Maria das Dores

Naquele quefazer de fim de mundo, onde o chão de farinha fofa se despegava no vapor, colando nas gentes embuídas das labutas de precisão, eis que Maria das Dores, uma das sete resididas na Vila do Meninos, se enfadou da esticação dos tecidos no cordão. O serviço era por demais infrutuoso, na pulverulência do sertão. Estava na danação dos sucumbidos pela renitência, carecendo de algum abstraimento para seus ânimos. Foi no atual que sucedeu, feito um júbilo impremeditável, de Das Dores avistar no arredado, um favorável ao seu dia.

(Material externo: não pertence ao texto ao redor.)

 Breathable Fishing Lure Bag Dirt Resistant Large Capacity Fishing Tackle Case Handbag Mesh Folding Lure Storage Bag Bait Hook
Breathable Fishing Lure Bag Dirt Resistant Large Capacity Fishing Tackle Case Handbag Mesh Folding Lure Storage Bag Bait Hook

Vinham de lá, sacudindo uns palhacinhos de cabeça de plástico, dentro de uns cones de papelão, molecotes de canela emporcalhada à frente cortejo circense, numa afobação de estripulia, trazendo elásticos verdes a meio buço e como se a vida lhes fizesse cócegas, oferecendo por bagatela o brinquedo e as alegrias chutadas pra todo canto, dilatando o pó já por demais esparramado.

Maria, por detrás da cerca de arame farpado, avistou no panorama, ali bem confinante aos travessos, uma jamanta a trafegar na vereda, anuindo o abeiramento de um circo, precedida de uns apetecíveis malabaristas a equilibrar claves, pratos em varas longas e a faiscar facões na decepação do vento. A voz roufenha de algum destinador, desembestada num altifalante, indiciava a locução dos turnos das fascinações.

No postimeiro da caravana, uns palhaços empoeirados e meio tristes, caminhavam em ritmo fúnebre, buscando um empenho na simulação da alegria, endereçando beijos e acenos aos escassos moradores da vila. Um palhaço, desses sem disposição de palavra, içou em Maria, da boca do estômago, um riso de franqueza.

No primeiro divertimento da noite, encontrou-se Maria das Dores, numa ambiência de ardil. Pois a vista lhe apostolava no ensejo de possuir a aptidão do giro frenético e astigmático da moça de colant prateado. Viu-se inserida num sonhar. Achou-se no mundo, no desejo acachapante de desvencilhar-se da secura de uma vida sem conseguimentos. Não queria mais lençóis amarelados de pó, queria a liberdade de pássaro, a enfeitar as vistas no magnetismo do brilho. Sua vida era por demais embaciada, era hora de ver vantagem na impermanência.

Maria encantou-se soberbamente e se exilou no poscênio, avultado de figuras tingidas nos couros das caras e envelopadas de cetim exuberante. Das Dores se ornaria para sempre de plumas. Esquivou-se daquele ordinário de peleja e se agrupou no frenesi de muitas estradas pulverosas, sem a melancolia dos hesitantes.

Era agora, nesse desassossego da fuga, a alma mais apaziguada pela antelação acertada. Na sua fundura nadou o palhaço desprovido da verba. E se fizeram, um ao outro, um bem danado.